Der Linken-Vorstand will die Rebellin nur noch loswerden. Im Falle einer Abspaltung aber würden die bleibenden Bundestagsabgeordneten ihren Fraktionsstatus und damit wichtige Rechte verlieren. Eine Rest-Linke hätte es schwer, wieder ins Parlament zu kommen. Auch auf Landesebene würde sich eine Reihe von Politikern einer möglichen Neugründung anschließen – gerade im Osten.
Dort eckt etwa Wagenknechts großes Verständnis für Russlands Präsident Putin deutlich weniger an als im Westen. Trommelt sie für Frieden in der Ukraine, blendet sie das Recht des ukrainischen Volkes auf Selbstbestimmung aus und verweist auf angebliche "legitime Sicherheitsinteressen" Russlands – ähnlich wie manche AfD-Politiker. In der Sendung "Anne Will" (ARD) geriet sie deshalb heftig mit Historiker Karl Schlögel aneinander. Der warf ihr vor: "Sie sind die putinsche Stimme in Deutschland zusammen mit der AfD."
Was bedeuten die Pläne für Ostdeutschland?
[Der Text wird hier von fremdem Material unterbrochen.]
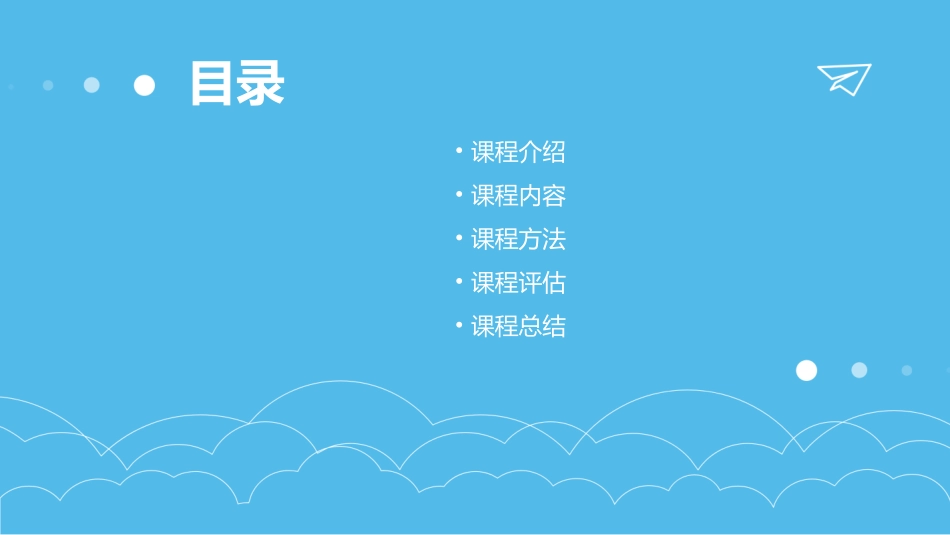 谏太宗十思疏秋水bca1课件_第2页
In den neuen Ländern, wo die AfD bereits stark ist, könnte eine weitere Partei künftige Regierungsbildungen weiter erschweren. Alle Versuche, die Linke wieder zu versöhnen, etwa durch Gregor Gysi, eine andere Parteilegende, scheiterten. Zu gnadenlos hatte Wagenknecht in ihrem Buch "Die Selbstgerechten" mit der Linken abgerechnet. Der vermeintlich dominierenden "Lifestyle-Linken" wirft sie vor, nicht mehr die Interessen der "kleinen Leute" zu vertreten, sondern unbegrenzter Migration und exzessivem Klimaschutz das Wort zu reden. Wer mögliche Risiken von Zuwanderung ausblende, treibe die Menschen geradezu der rechtspopulistischen Konkurrenz in die Arme, schreibt sie.
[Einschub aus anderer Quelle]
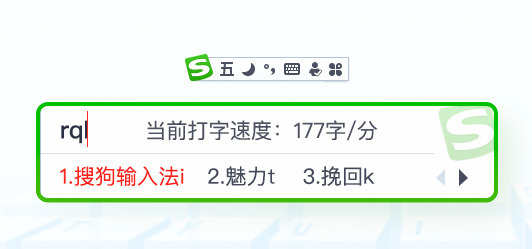 五筆拼音混合輸入法哪個(gè)好用 五款五筆拼音一體輸入法推薦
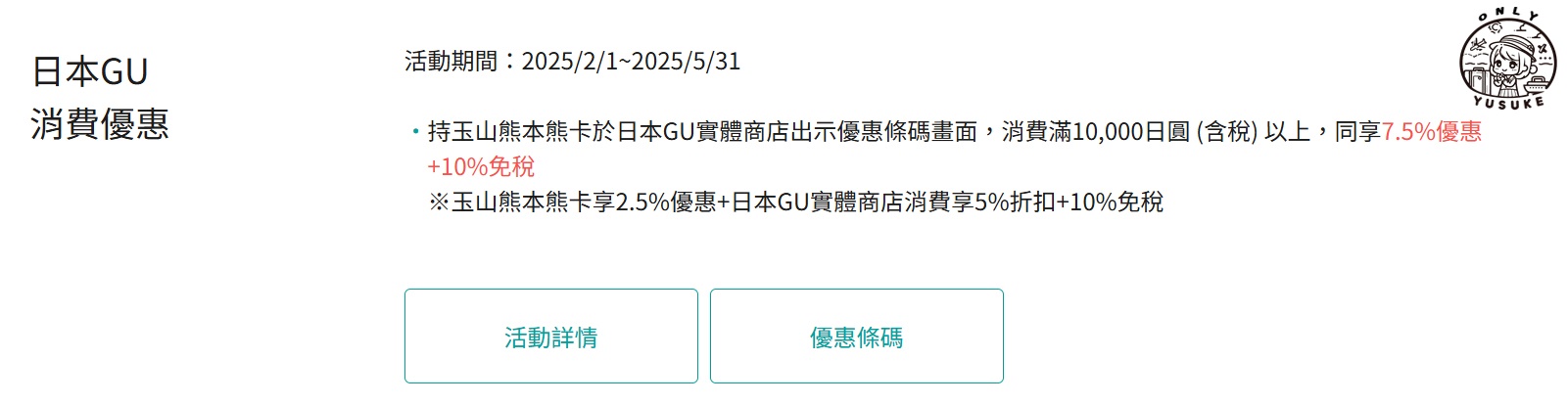 玉山熊本熊卡日本GU優惠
Was die möglichen Erfolgschancen betrifft, gehen die Ansichten weit auseinander. So sieht Meinungsforscher Hermann Binkert (Insa) für eine Wagenknecht-Partei ein Potenzial von bis zu 25 Prozent. Sie würde demnach "ganz direkt vor allem AfD und Linke schwächen, die bis zu jeden Zweiten ihrer aktuellen Wähler verlieren könnte". Manfred Güllner, Chef des Instituts Forsa, sagte unserer Redaktion dagegen: "Sahra Wagenknecht überschätzt sich. Realistisch betrachtet ist sie nicht die Polit-Ikone, als die sie oft dargestellt wird."
Umfragen zu den Chancen möglicher Neu-Parteien ergäben ein verzerrtes Bild. Selbst zur "Horst-Schlämmer-Partei" aus einem Film des Komikers Hape Kerkeling von 2009 hätten 18 Prozent der Bundesbürger gesagt, dass sie sich vorstellen können, diese zu wählen. "Das sind natürlich nur vage Aussagen", sagt Güllner. Er glaubt: "Wagenknecht hätte es schwer, überhaupt über die Fünf-Prozent-Hürde zu kommen." In der heutigen Parteienlandschaft gebe es schlichtweg für sie keinen Platz: "Wo will sie sich denn dazwischenmogeln? Das Thema Sozialleistungen haben schon die Linke und der linke Teil der SPD besetzt. Und das Feld der Migrationskritik hat die AfD besetzt. Radikaler als die kann Wagenknecht nicht sein."